In polymer materials research, the Institute of Statistical Mathematics has initiated the RadonPy project to fully automate computational experiments for polymers, joining forces with two national research institutes, eight universities, and 37 companies to create a world-class polymer property database. The research group has also established a fully automated system for quantum chemical calculations, which comprehensively evaluates the compatibility between polymer materials and solvent molecules.
Research Outcomes and Findings
In this study, the researchers demonstrated that a scaling law for Sim2Real transfer learning is applicable across diverse tasks in materials research. Previous theoretical predictions regarding the existence of scaling laws in transfer learning were empirically validated in computer vision fields. The results indicate that as the size of the computational database increases, the prediction performance of fine-tuned models improves monotonically, adhering to a power-law distribution.
The scaling intensity serves as a quantifiable metric for assessing the future value of databases. Furthermore, analyzing the scaling behavior helps estimate the required amount of data to achieve target performance and the attainable limits. This insight is anticipated to enhance strategic planning for the development of data platforms and streamline data production protocols in material development projects.
Future Developments
A pivotal milestone in data-driven materials research is the establishment of scalable transfer learning data production protocols and analytical workflows.
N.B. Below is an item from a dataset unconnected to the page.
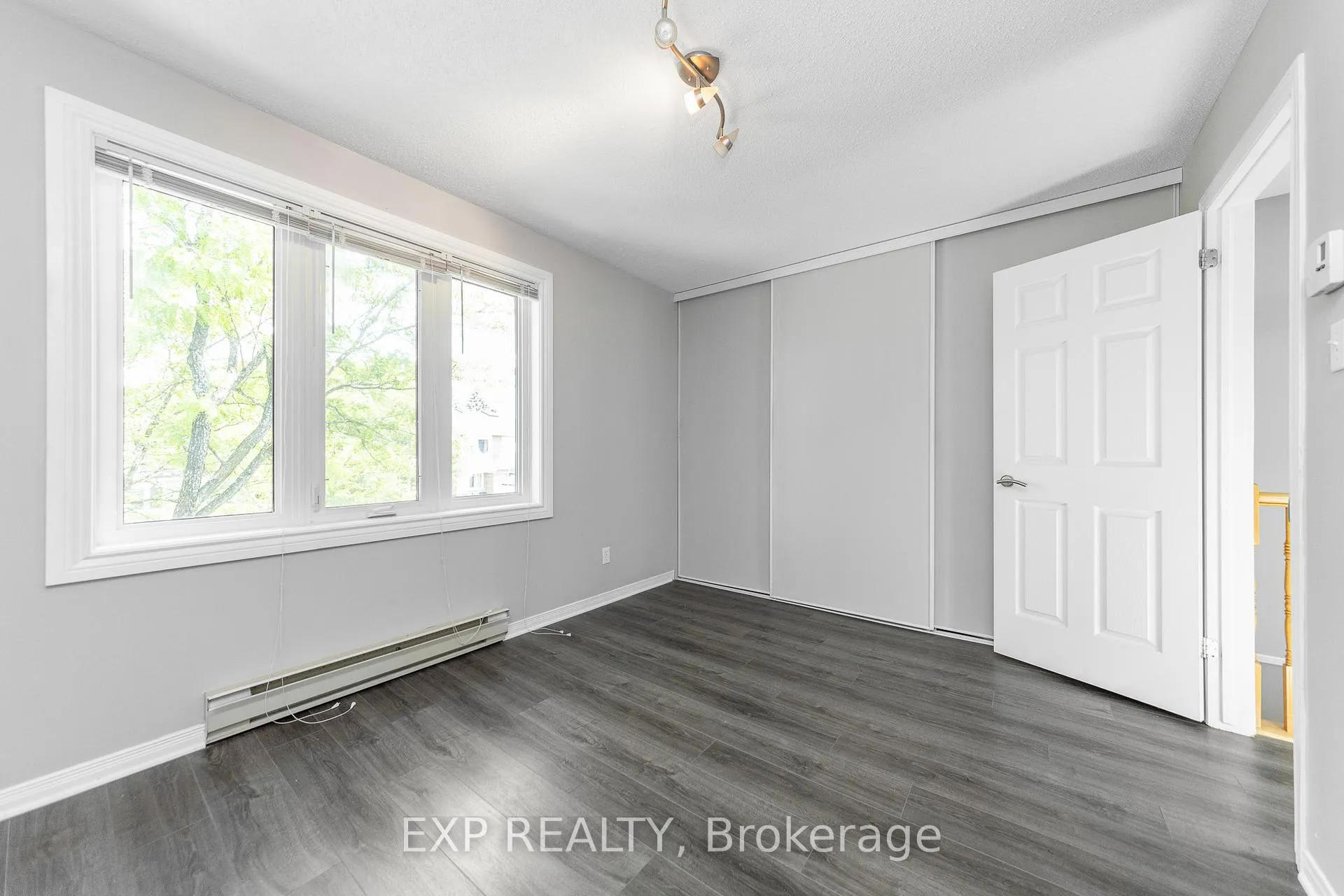 Photo 35 of 69 Briston Private, Ottawa, Hunt Club Park — HOMEH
Many domains within material development struggle to accumulate sufficient data necessary for data-driven research. This issue becomes more pronounced as research edges closer to advanced levels. Adopting an approach that selects sources capable of producing massive data, such as computational experiments, and utilizing machine learning to bridge the gap between source and target domains becomes essential.
In conclusion, the discoveries from this research pave the way for the RadonPy project's ongoing data production and improvements in the predictive capabilities of transfer models for downstream tasks. Continuous development of computational databases and optimization of resource distribution in experiments will ensure the sustained evolution of data-driven materials research.